AITA for telling the father of my child that I don’t want him to be near me for the last month of my pregnancy or in the delivery room?

In the quiet hum of a new life growing, a young woman stands at a crossroads, her heart heavy from a toxic past. After enduring her ex-boyfriend’s betrayal—cheating, ultimatums, and orchestrated harassment—she’s carved out a fresh start as a systems engineer, ready to welcome her baby alone. Now, with only weeks until delivery, his sudden plea to re-enter her life stirs up old wounds, prompting her to bar him from her final month of pregnancy and the delivery room, sparking judgment from mutual friends.

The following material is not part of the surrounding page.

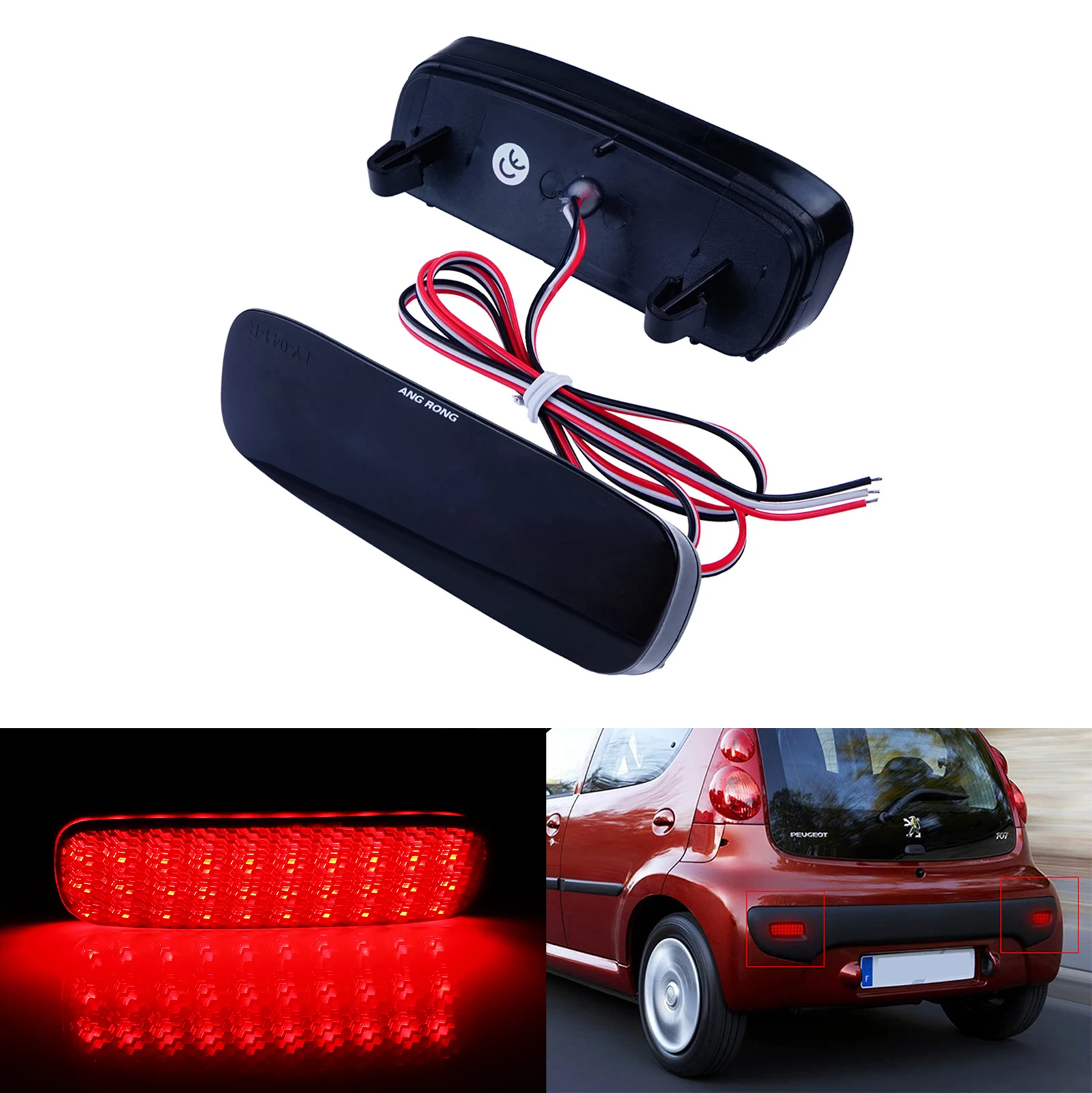 Angrong 2X Riflettore Paraurti Posteriore A Led Rosso Per Citroen C1 C5 Per Peugeot 107 206 607 Esperto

This emotional saga unfolds in a foreign land, far from family, where the woman’s resolve to protect her peace clashes with her ex’s belated remorse. Her story, raw with resilience, invites readers to weigh the cost of forgiveness against the strength of self-preservation. Was she right to draw this line, or should she give him a chance?

‘AITA for telling the father of my child that I don’t want him to be near me for the last month of my pregnancy or in the delivery room?’

Just a breakdown, I was dating my ex-boyfriend for three years. Two weeks before graduating from grad school, I found out I was pregnant even though we took every precaution. I told my boyfriend. He told me he was fine with it. He is about four years older and felt he was ready to have a baby.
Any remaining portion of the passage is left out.